El reflejo del fascismo
Sería faltar a la verdad afirmar que la violencia es patrimonio exclusivo de la izquierda. El siglo XX nos enseñó, mediante el fascismo, que la violencia revolucionaria tiene su reflejo al otro lado del espejo. En su célebre El opio de los intelectuales, Raymond Aron explicó que tanto fascismo como comunismo compartían una misma raíz: la fe en el poder absoluto del Estado y el desprecio por la libertad individual. Ambos aspiraban fundar un “hombre nuevo” mediante la destrucción del orden existente.
El conservadurismo clásico, en cambio, siempre ha expresado una sana desconfianza hacia poder. De lo contrario, no es conservadurismo. Es otra cosa. “Toda concentración de poder es un peligro para la libertad”, escribió Edmund Burke. Pero ni Lenin ni Mussolini ni Hitler compartían el aprecio por la libertad de Burke. Su fe en la violencia como instrumento de depuración y regeneración social era, en esencia, la misma.

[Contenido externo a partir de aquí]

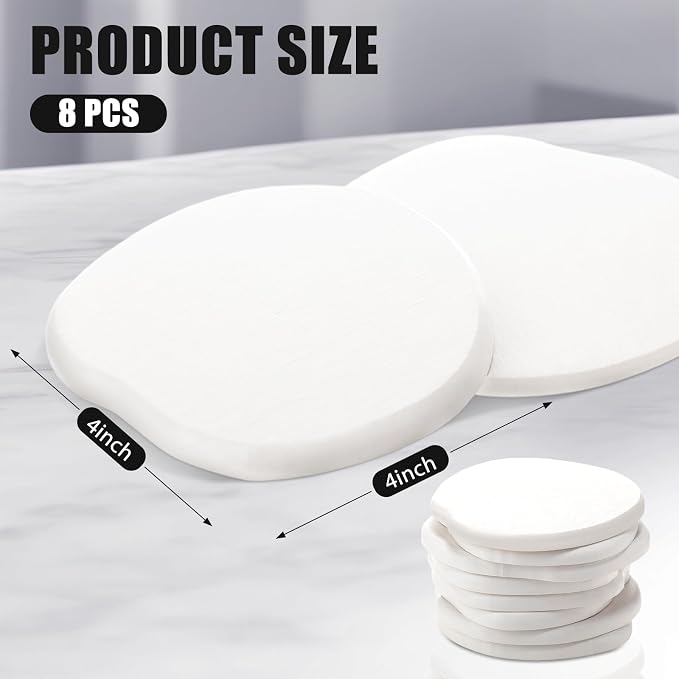 Diatomaceous Earth Coasters Set of 8，Cool Absorbent Quick-Dry Drink Coasters for Desks, Cute Modern Stone Design with Stylish White Aesthetic (8, White)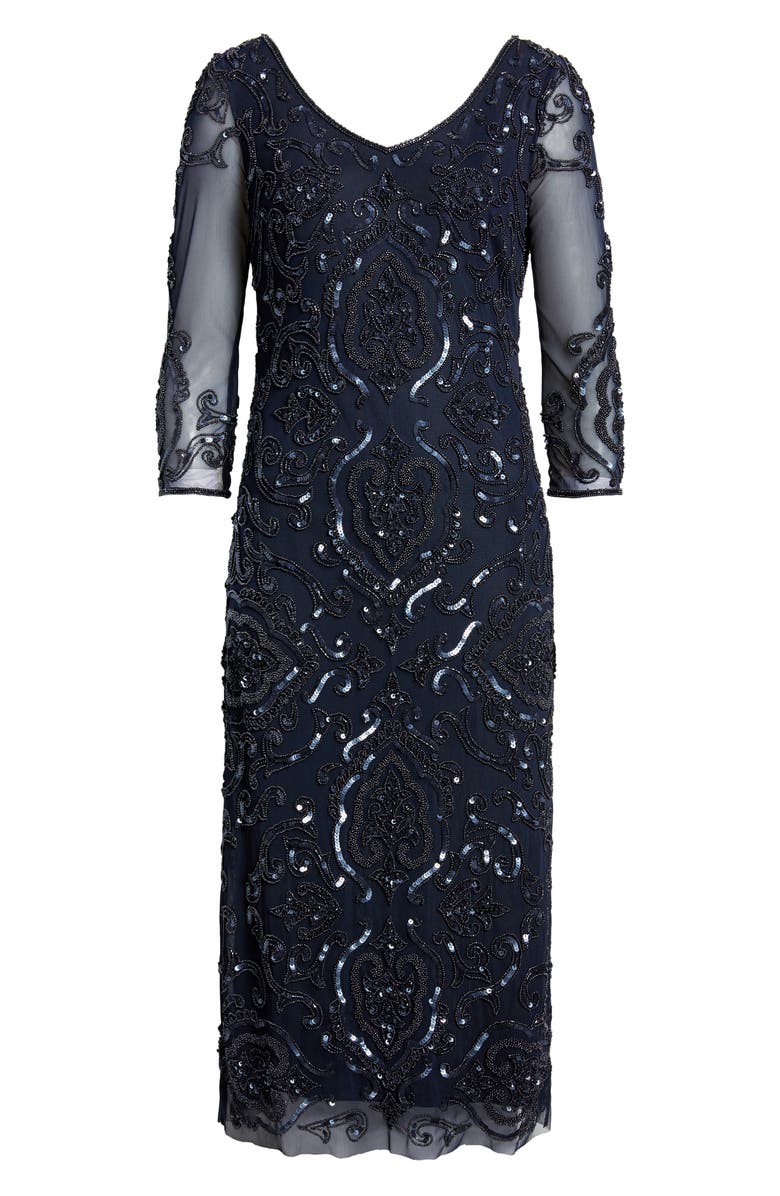 Pisarro Nights Sequin & Beaded Cocktail Sheath Dress, Alternate, color, Navy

La diferencia es que, en nuestros días, la derecha democrática no tiene una vocación violenta. Si acaso, los excesos de la derecha populista son verbales, no físicos. En cambio, la izquierda radical ha vuelto a romantizar la destrucción como acto de purificación: arrasar escaparates, quemar contenedores, golpear a disidentes o agredir a periodistas son gestos “antifascistas”, rituales de esa purificación. Así, la izquierda ha vuelto a convertir la ira en virtud.
La coartada moral
Hannah Arendt, que conoció muy bien los totalitarismos, advirtió que “cuando la política se convierte en moral, todo está permitido”. La moral absolutiza el conflicto: nada hay que debatir con el adversario, directamente se le purga. Ese es el peligro de la deriva actual. La izquierda que se arroga una superioridad moral ya no necesita siquiera justificar la violencia; le basta con redefinirla como virtud. La violencia no es un recurso, al que, llegado el momento, se puede recurrir. Es un automatismo, un mecanismo inseparable de la acción política.

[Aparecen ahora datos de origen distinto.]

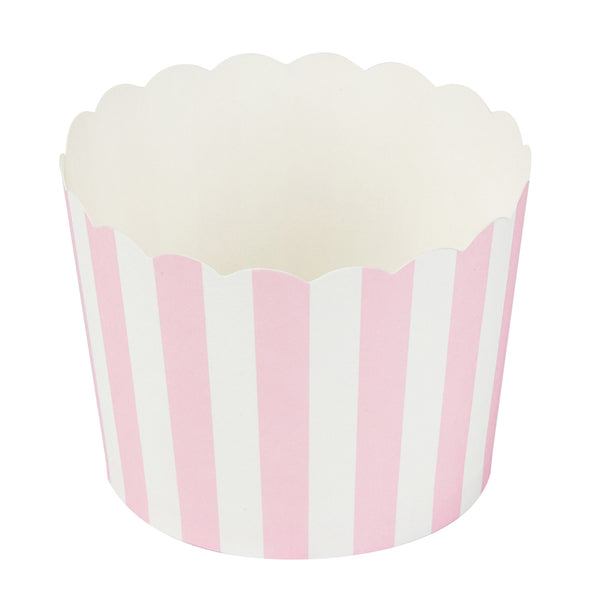 Restaurantware Panificio 3 Oz Round Stripe Pink Paper Mini Baking Cup - Scalloped - 2 1/2" X 2 1/2" X 1 3/4" - 200 Count Box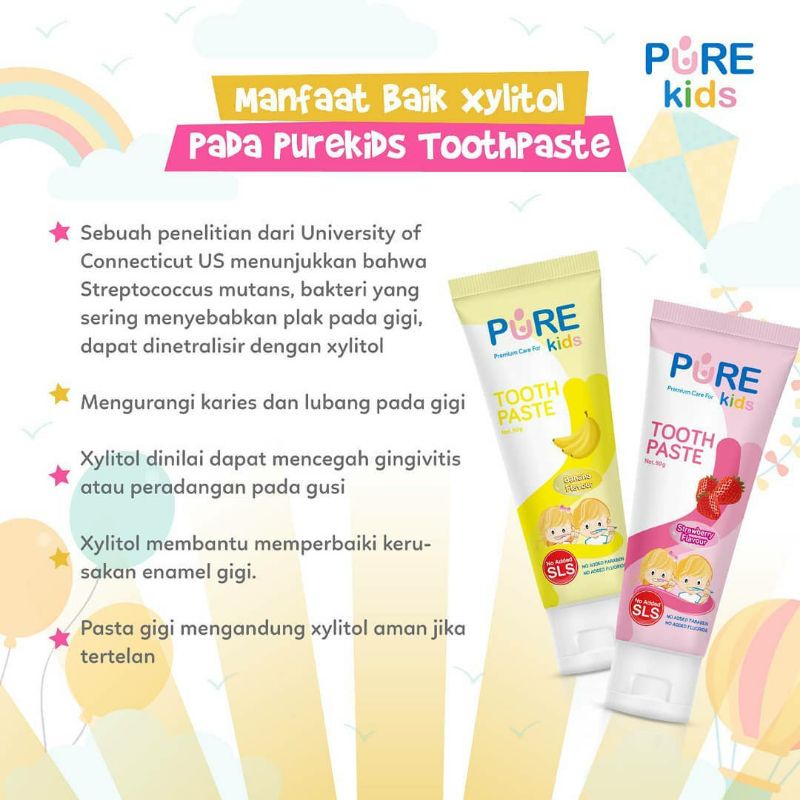 PURE Kids Tooth Paste 50gr Pasta Gigi Bayi dan Anak Pasta Gigi Pure BB Tooth Paste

Lo vimos tras los disturbios en Gaza, en las universidades europeas y en España: manifestaciones con consignas abiertamente aniquiladoras (“Del río al mar”), jaleadas por quienes dicen defender los derechos humanos. Lo vimos también en la justificación del ataque al periodista en Pamplona: la violencia se vuelve un reflejo defensivo cuando el enemigo es declarado fascista. Por supuesto, el fascista puede ser cualquiera que disienta o, simplemente, no grite con los demás.
La puesta en escena de la protesta humanitaria, con madres y manifestantes espontáneos colocados en primera línea, tiene una ventaja retórica: convierte la acción de las fuerzas del orden en una agresión que justifica las acciones de la vanguardia violenta infiltrada entre la ingenua multitud. Es el eco de los escudos humanos de Gaza resonando en nuestras calles.

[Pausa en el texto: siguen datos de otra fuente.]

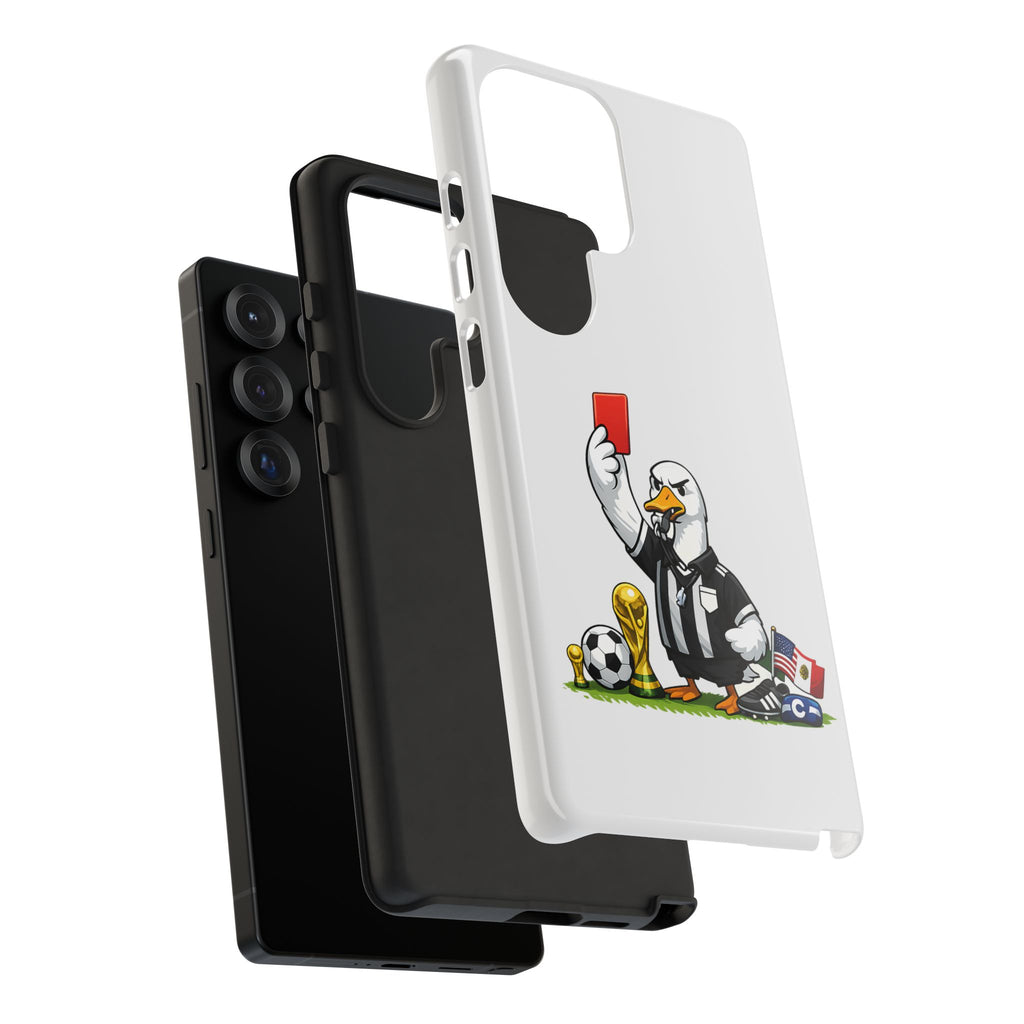 Funny Goose Referee Samsung Galaxy Phone Case | Soccer Red Card Art Cover
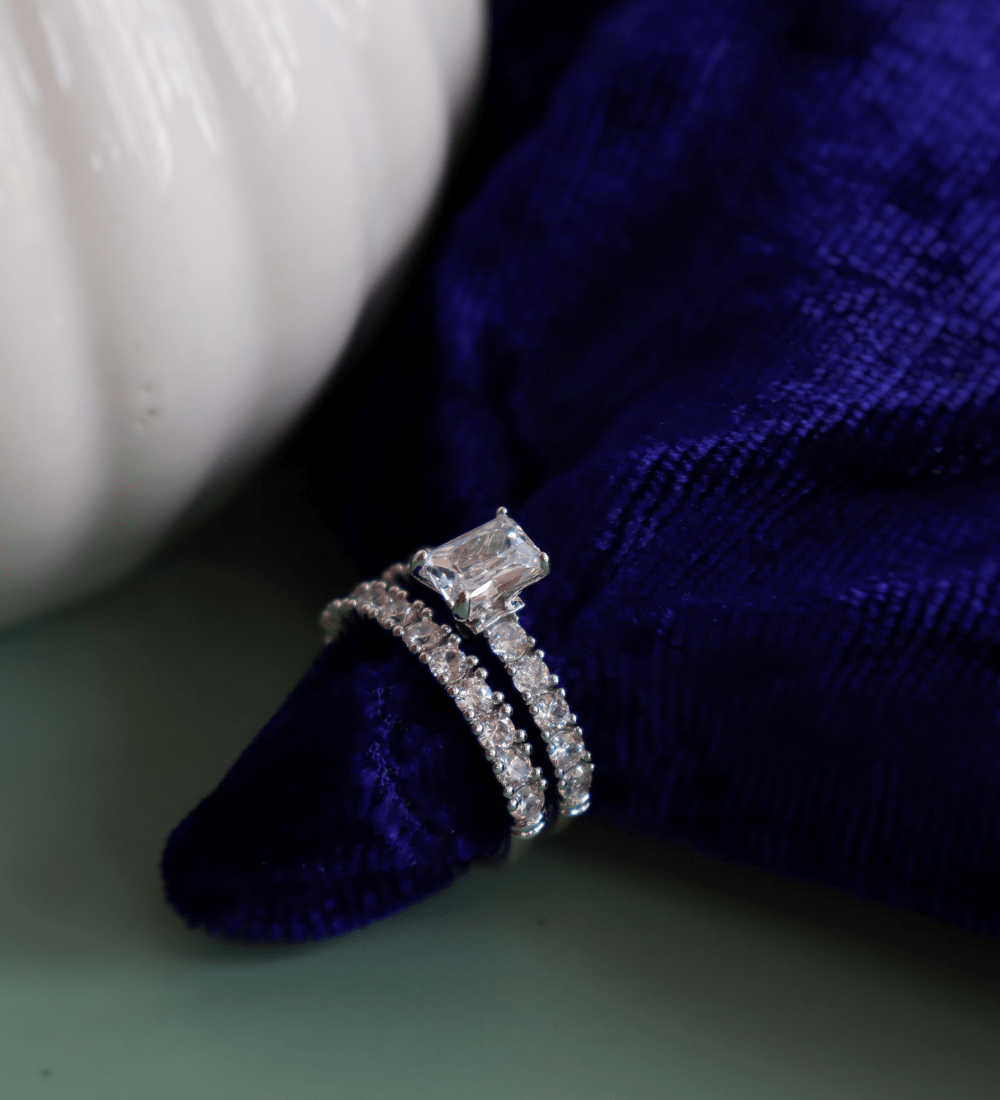 Emerald-Cut Zircon Ring with Eternity Band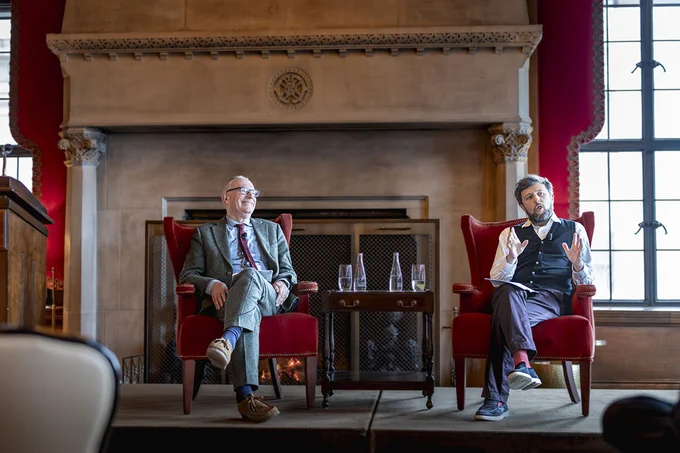 Fintan O'Toole, left, and Sam McBride at The Chicago Club on March 12, 2026.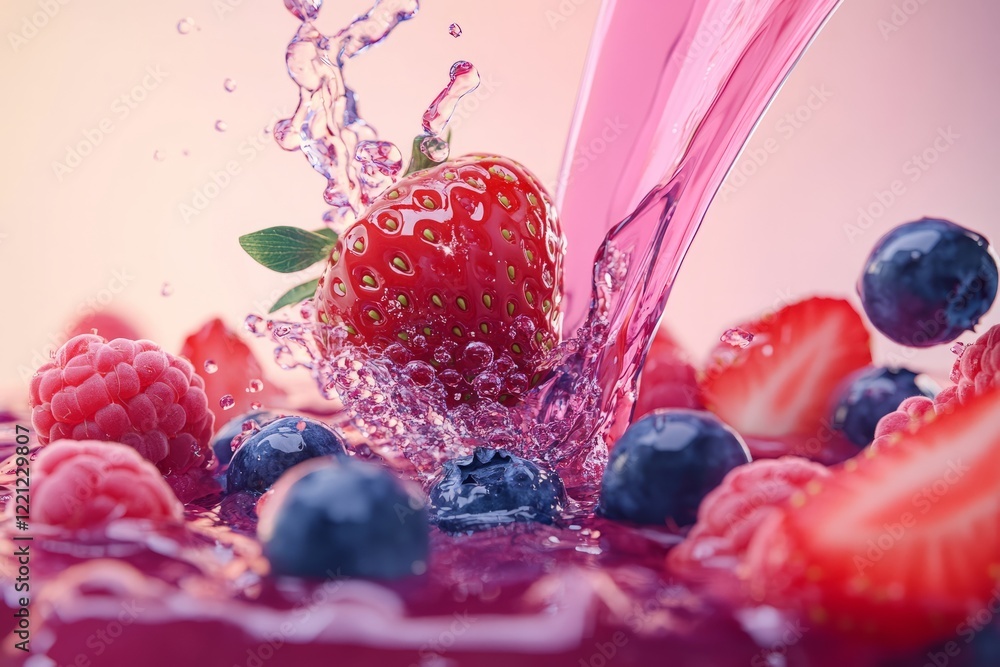 Berry splash with refreshing juice pouring over strawberries and blueberries accentuating summer vibes during bright afternoon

La vieja izquierda que nació de la Ilustración, de la fe en la razón, en el progreso y en la emancipación, está extinguiéndose. En su lugar surge una izquierda identitaria, sectaria, manipuladora y emocional que ha sustituido el pensamiento por el dogma. Su fuerza ya no reside en las ideas, sino en la intimidación. Esta es precisamente la debilidad que la condena a ser cada vez más minoritaria: la incapacidad para aceptar al otro.